In general, Mizrahi’s gowns awe me, except for a few ethically questionable pieces, like the dress made of Coca-Cola cans collected by homeless New Yorkers and shipped to Paris to be made into sequins, then sent to India to be embroidered onto silk. Bizarre when you consider that the Indian people who made the dress probably enjoyed a lower standard of living than the homeless New Yorkers, but it’s an interesting insight into Mizrahi’s unique brand of global tikkun olam. It certainly makes a few statements.

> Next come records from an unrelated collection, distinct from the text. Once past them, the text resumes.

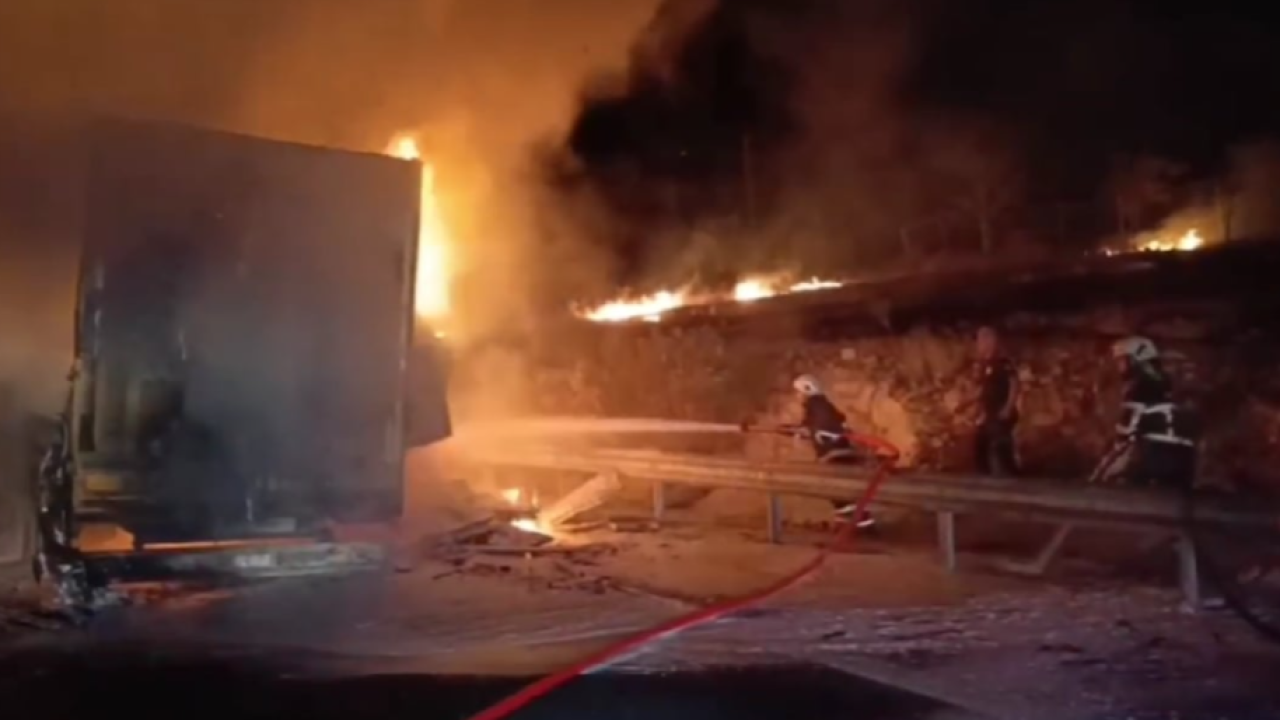Şanlıurfa'da televizyon dolu TIR alev alev yandı
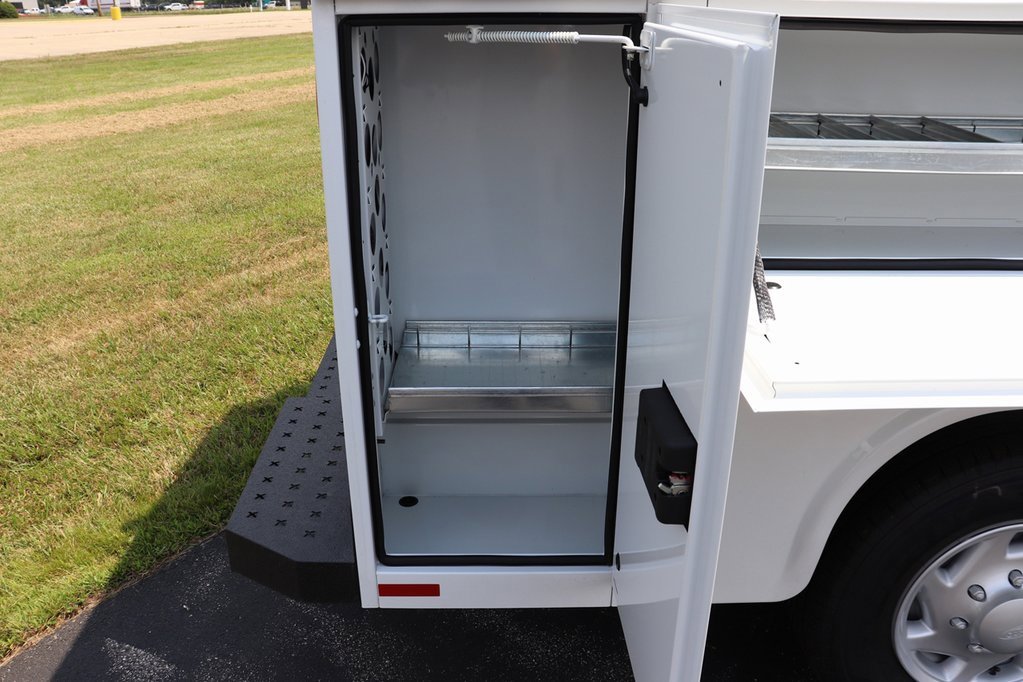 New 2026 Ford E-350 and Econoline 350 Super Duty w/ Power Equipment Group image 25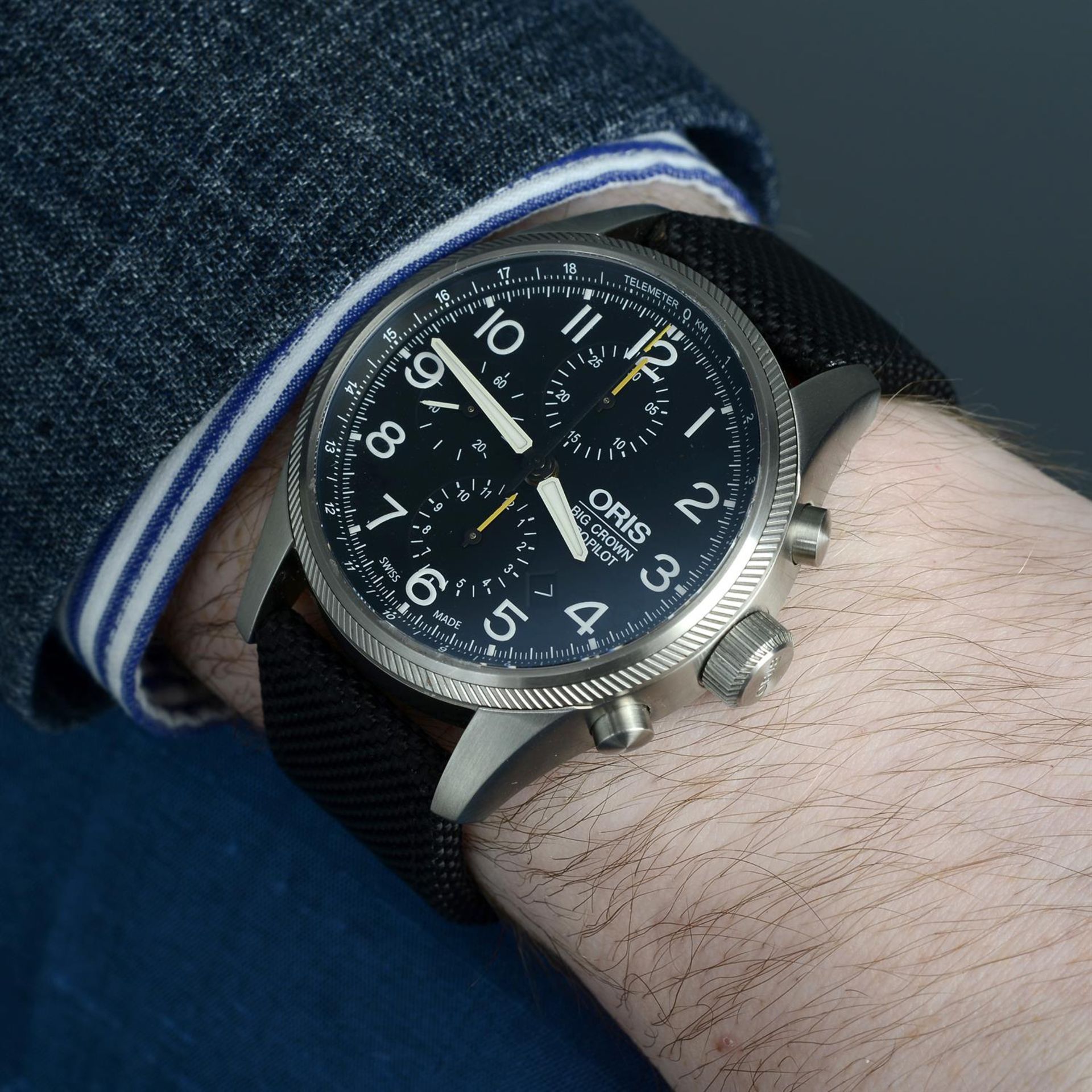 ORIS - a stainless steel Big Crown Pro Pilot chronograph wrist watch, 44mm. - Image 5 of 6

Then there’s a Navajo-style embroidered jacket from 1991 that is borderline cultural appropriation and would catch flak from Native American activist groups today. The curators excuse it as a product of one of the many cultures that influenced Mizrahi during his upbringing by a modern Orthodox family in melting-pot Flatbush.
Otherwise, most of the designs showcase the designer’s artistry and incredible imagination. There is a gown made of elevator padding. Another gown — red lush silk — has a baby carrier attached to the front, suggesting that mothers can be part of high fashion.

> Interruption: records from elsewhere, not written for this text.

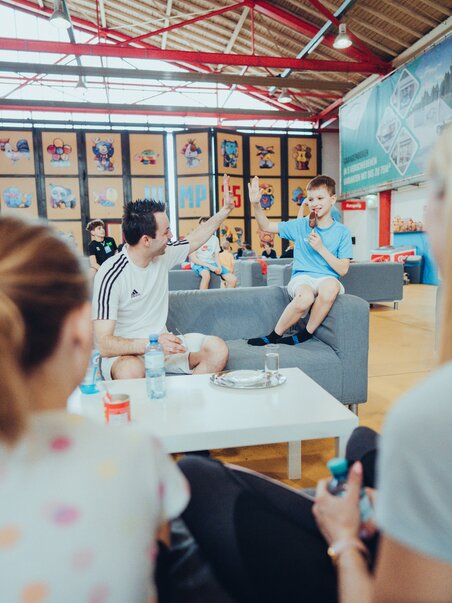 Child talking to an adult at tampoline park | © Lex Karelly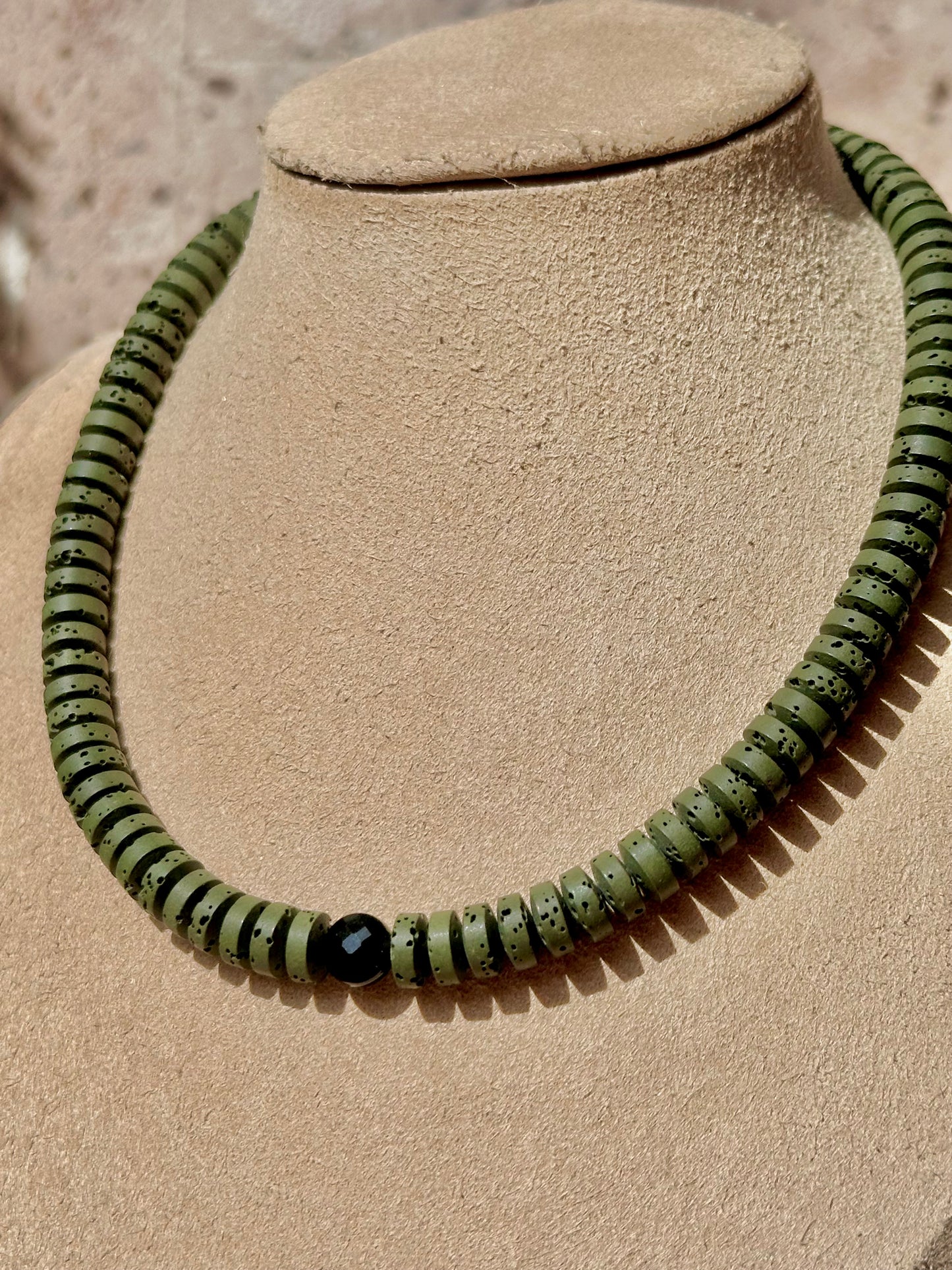 Collar Ajustable de Piedra Volcánica Verde con Turmalina | Renovación y Protección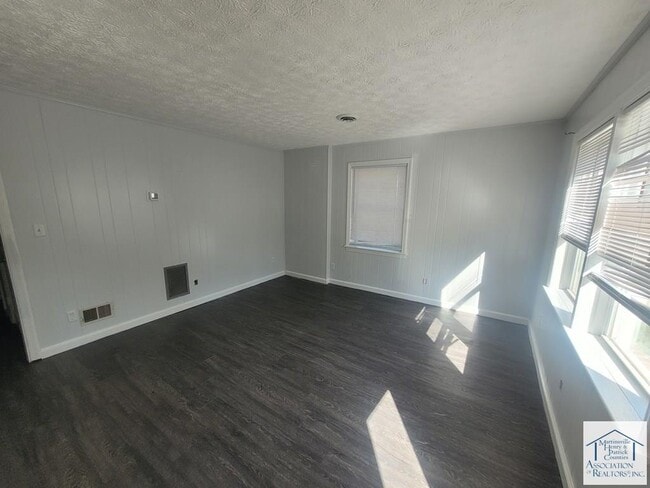 Building Photo - 315 Spring Dr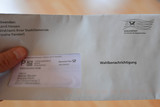 Landtagswahl 2023: Wahlbenachrichtigungen werden in Wiesbaden zugestellt, Briefwahlbeantragung bereits möglich.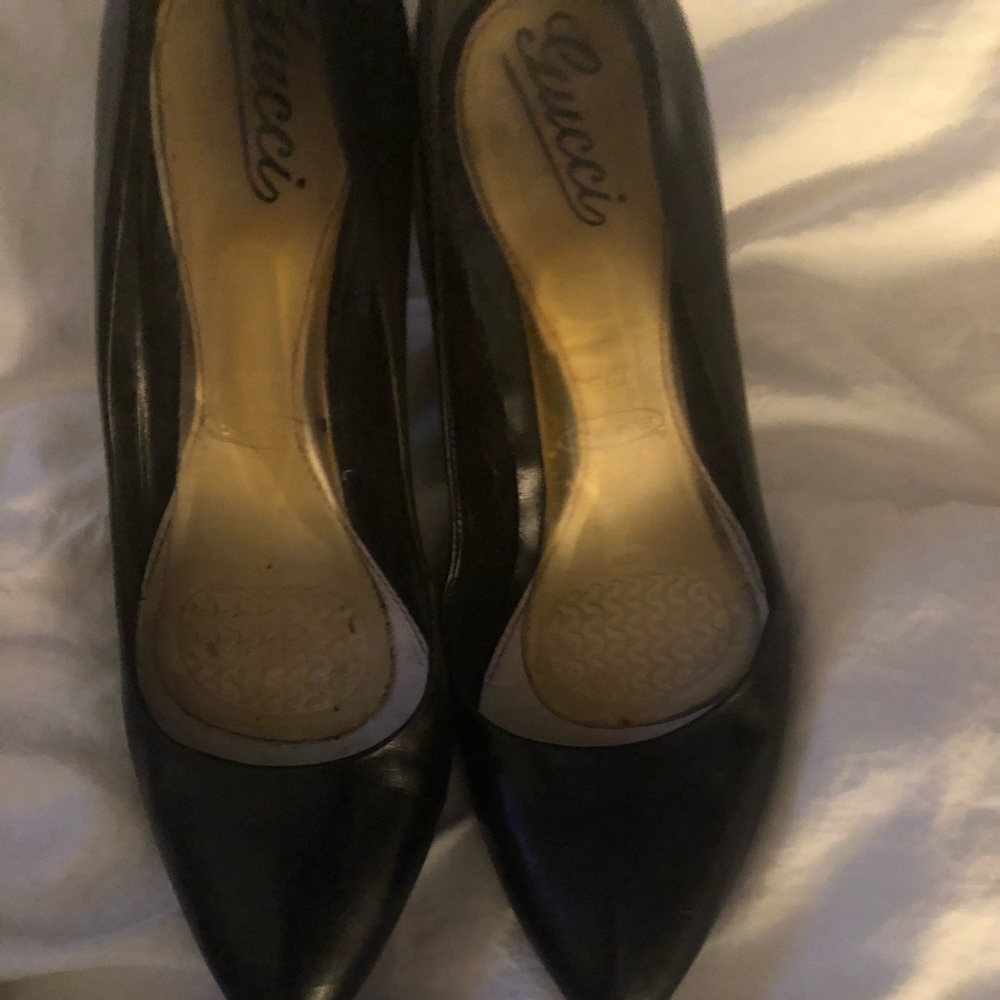 Gucci 9 1/2 shoes 2 1/2”-3” heals authentic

Mizrahi’s efforts to create couture for the middle class also are commendable. It’s easy to appreciate his democratization of fashion through his Target collection, a five-year collaboration. He partners with QVC and regularly appears on the retailer’s television station. No doubt his decade-long work to bring fashion into the living rooms of Americans everywhere is not only a smart business move, but also a great tactic for the designer’s personal brand. By comparison, it’s hard to imagine Karl Lagerfeld appearing on daytime cable, though the two make equally beautiful clothes.
In the last room, a three-paneled film reel gushes over highlights from Mizrahi’s fashion shows, clips from “I Love Lucy” and other inspirations, reels from the artist’s stunts on “Jeopardy” and “Project Runway,” and even his dramatic roles alongside Woody Allen and Kenneth Branagh. The designer’s claim that “fashion is a form of entertainment” fully sinks in here. After walking through this exhibition, it’s hard not to agree.
The curators of “An Unruly History” do a great job of bringing you into the artist’s world. You’re engrossed in his pop culture influences and you witness the miniature cult of his personal celebrity. You see the final product in his designs: a purely American aesthetic, of course, that bares little resemblance to French or Italian high fashion. But it’s hard to deny there’s a certain New York eccentricity to Mizrahi’s clothes, and more than a hint of a manic, ironic zeitgeist that arguably only a Jewish artist can capture.
On my way out, I’m struck by one last Mizrahi quote on the wall by the exit. “As I shift into the middle of my career and as my neurosis about my work deepens, so do the pleasures I take in it.” Fashion or not, that sounds like a Jewish intellect to me.
“Isaac Mizrahi: An Unruly History” runs through August 7.